Your task is to copy each line of the material below that includes "Odyssey".
[[ MATERIAL SUPPLIED, beginning ]]
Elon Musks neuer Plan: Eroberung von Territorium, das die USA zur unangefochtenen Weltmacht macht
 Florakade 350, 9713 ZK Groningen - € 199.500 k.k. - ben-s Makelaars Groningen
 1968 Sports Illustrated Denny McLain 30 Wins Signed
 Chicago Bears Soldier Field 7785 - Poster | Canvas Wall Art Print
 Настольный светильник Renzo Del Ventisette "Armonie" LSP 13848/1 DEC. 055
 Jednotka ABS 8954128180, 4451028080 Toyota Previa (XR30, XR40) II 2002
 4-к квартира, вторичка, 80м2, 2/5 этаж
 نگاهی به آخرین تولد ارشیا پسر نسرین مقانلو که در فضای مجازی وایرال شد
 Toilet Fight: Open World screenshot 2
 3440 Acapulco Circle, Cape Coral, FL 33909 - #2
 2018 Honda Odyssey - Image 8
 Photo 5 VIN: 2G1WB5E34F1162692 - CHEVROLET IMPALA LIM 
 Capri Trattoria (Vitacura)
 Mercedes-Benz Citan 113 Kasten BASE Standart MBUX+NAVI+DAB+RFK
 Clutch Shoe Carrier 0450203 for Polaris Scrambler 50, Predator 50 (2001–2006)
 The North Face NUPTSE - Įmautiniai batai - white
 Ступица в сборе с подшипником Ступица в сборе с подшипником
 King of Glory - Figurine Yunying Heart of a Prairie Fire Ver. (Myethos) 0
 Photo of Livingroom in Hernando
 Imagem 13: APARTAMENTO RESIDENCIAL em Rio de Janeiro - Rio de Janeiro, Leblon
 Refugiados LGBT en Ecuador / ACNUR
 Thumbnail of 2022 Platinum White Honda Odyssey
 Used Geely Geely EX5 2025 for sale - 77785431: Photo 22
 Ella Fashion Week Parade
[[ MATERIAL SUPPLIED, end ]]
:: EXERCISE ANSWER ::
 2018 Honda Odyssey - Image 8
 Thumbnail of 2022 Platinum White Honda Odyssey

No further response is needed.